Davis is no ordinary James teammate. He’s a whole other alien.
Davis torched the Grizzlies defense
What makes Davis so special isn’t merely his near-7’ height or unbelievable wingspan. It’s his ability to possess both those traits while also staying so mobile. He doesn’t have to wait for James or a guard to collect his rebound to drive down court. Davis can take the ball up himself and create his own scoring opportunities.
He doesn’t have incredible handles, but Davis is a capable dribbler. His size is really the difference-maker. One move and two steps later, he can be from the three-point arc to the rim. James doesn’t have to spoon-feed Davis in the paint, or even have to be on the court for Davis to thrive. The Brow is his own star, and his 27 free-throw attempts are the proof.
Granted, the Grizzlies’ defense is young and inexperienced. This wasn’t Davis’ toughest test. But even after an infinite amount of adjustments, Memphis was reduced to hacking Davis, sometimes even before he caught the ball.
If they didn’t, they were prone to any Laker throwing a lob pass to Davis from almost anywhere. James’ halfcourt chuck to a spinning Davis for a 180-oop was the show-stopper.
LeBron throws a HALF COURT alley to Anthony Davis pic.twitter.com/75mISfmbvr— Whistle (@WhistleSports) October 30, 2019
Davis’s final stat-line included two blocks, two assists and no turnovers. He was the total package, and everything the Lakers need him to be to compete for a championship this year.

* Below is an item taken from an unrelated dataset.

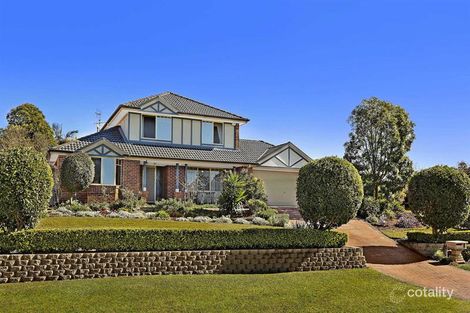 Property photo of 2 Wollemi Road Woongarrah NSW 2259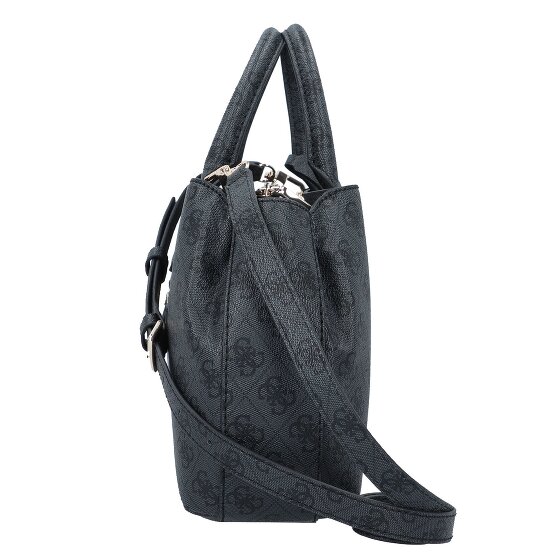Guess Katya Borsetta 29 cm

Heck yeah, the Davis trade was worth it for the Lakers
The Lakers gave up a steep package to land Davis. It included Brandon Ingram and Lonzo Ball, who both look like the type of possible future all-stars LA had hoped it could grow them into all along. Ingram is scoring the ball like never before, and a healthy Ball changed his awkward jump shot and is seeing the floor as well as he ever has. The Lakers also lost a quality role player in Josh Hart and three draft picks. But so it goes in pursuit of a title in the small window the franchise has open.
As every NBA season in recent memory has taught us: go get the superstar, no matter the cost. There are only 10 or so NBA players who can be relied on to be a playoff series’ biggest difference-maker, and now the Lakers have two of them.
We saw what James did with Kyrie Irving, winning one title in two tries. We saw what he did with Dwyane Wade, winning two in four. James might be a step slower now, but Davis is many times quicker than anyone he’s ever paired with.
James heading to the bench with plenty of game left could become more routine than ever. Davis is simply that good.